Wittgenstein, Sierra y el Calvario

La ciudad y los días

La historia de la cofradía del Calvario es la del despojamiento exigido por su Cristo

04 de marzo 2024 - 00:45

Si Ludwig Wittgenstein hubiera visto al Cristo del Calvario en la Madrugada, o si ayer hubiera pasado por su besapié, habría recordado su frase memorable: “De lo que no se puede hablar es mejor callarse”. El Cristo del Calvario, hasta tal punto su presencia exige el despojamiento de todo, también de palabras, invita a callarse. Impone un silencio que no es olvido, indiferencia ante lo que no suscita devoción, provoca emociones o inspira palabras. Marca, por el contrario, el límite que excede las posibilidades del lenguaje. Solo Juan Sierra, que fue nazareno suyo atrapado por ese algo inexpresable que hace su carisma, ha logrado encontrar las palabras justas, las únicas, que sobre él pueden decirse: el poema sobre el tránsito del Calvario por la Catedral y el artículo El esparto, en el que contó por qué se hizo hermano del Calvario.

Veía la Madrugada con Manolo Sánchez Pizjuán y Alejandro Collantes. “Acaba de pasar la Macarena –escribe– y todavía flotaba en el ambiente esa espuma de claridad que va dejando el tránsito de la Virgen maravillosa”. Empezaron a pasar “unos nazarenos negros con cinturón de esparto” trayendo un Cristo muerto. Su cabeza “agachada y humilde, enlazaba bellamente con todo lo cóncavo del cielo” y su figura “taladraba el aire de la noche”. “Al día siguiente, Alejandro Collantes y yo formamos el decidido propósito de hacernos hermanos de aquella cofradía”. Muchas Madrugadas –“sequedad, soledad”– salieron en ella “embutidos en nuestro esparto, humildes y silenciosos”.

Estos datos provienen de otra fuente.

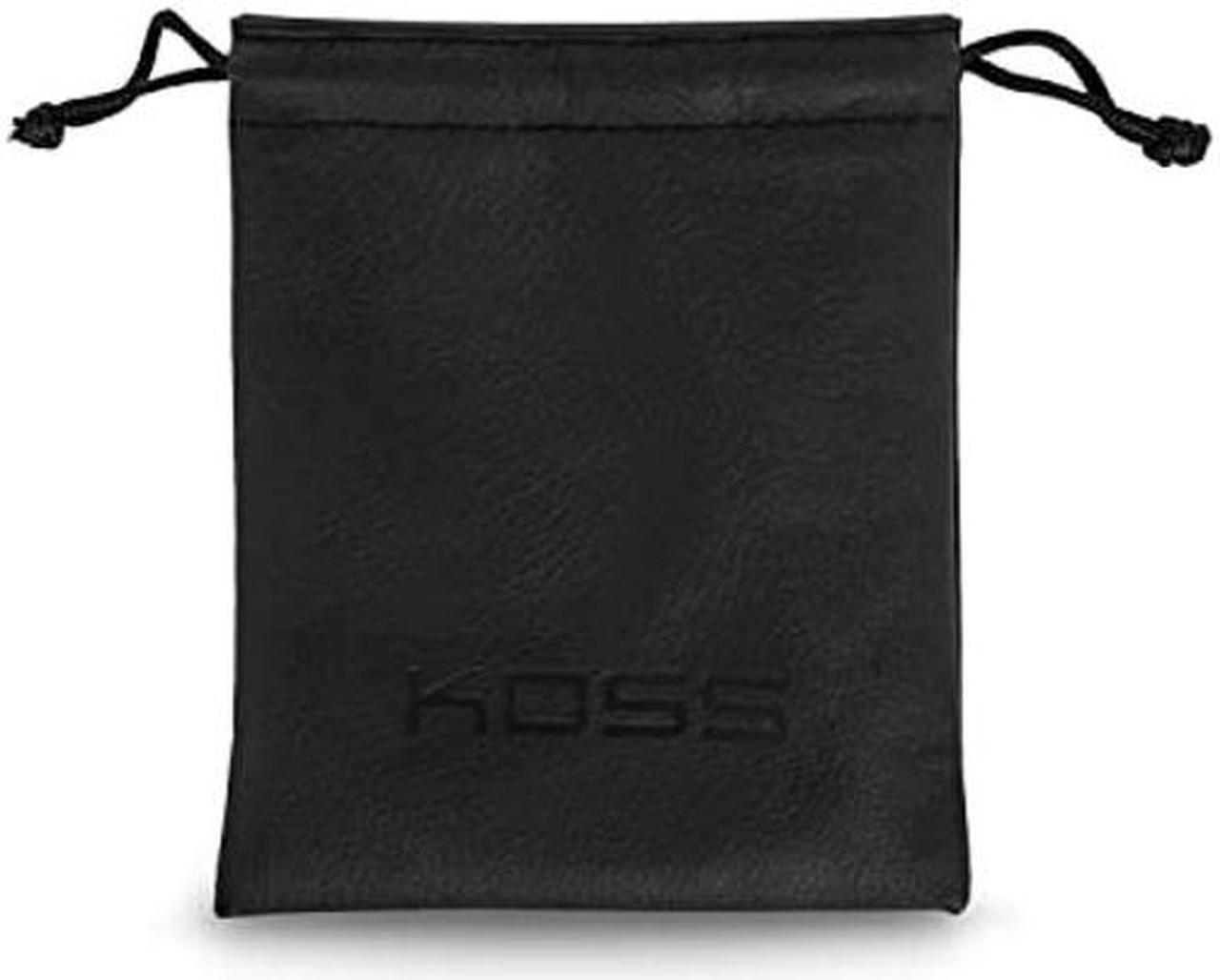 Alt view image 2 of 4 - Koss Porta Pro Classic On-Ear Headphones, Retro Style, 3.5mm Wired Plug, Durable, Black/Silver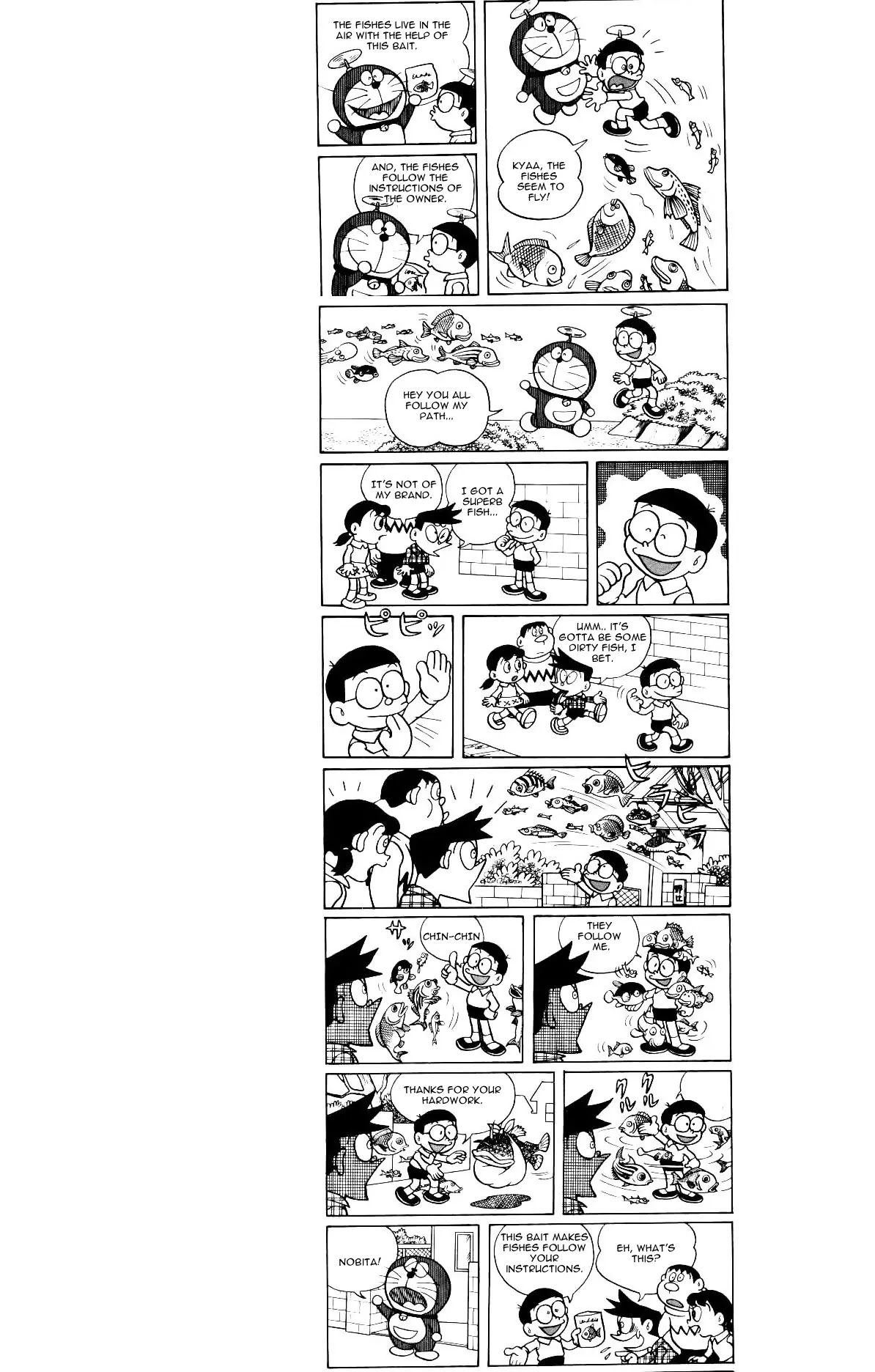 Doraemon Chapter 110 page 2 - Chapter 110 : Flying Fishes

Sequedad, soledad… La historia de esta cofradía es la del despojamiento exigido por su Cristo del Calvario. Fue la primera que sustituyó el oro de los canastos por el rigor de la caoba, la primera que sustituyó candelabros o faroles por la severidad de los hachones, la primera que quitó la orla de las convocatorias –un hallazgo de los Sáenz de Gráficas del Sur: tres generaciones de hermanos del Calvario– por una desnudez solo presidida por el magnífico dibujo de la cabeza “agachada y humilde” del Cristo y la única que hasta hoy, y así por siempre sea, no adoptó el monte de claveles, dejando a la vista la roca que da nombre al Cristo, solo ornada por algunos lirios dispersos, como dejados caer. Lo mismo exige con las palabras. Mejor callarse. O decir solo las precisas, cuantas menos mejor, como si fueran los lirios sueltos de su paso o los claveles confinados en sus dos jarras.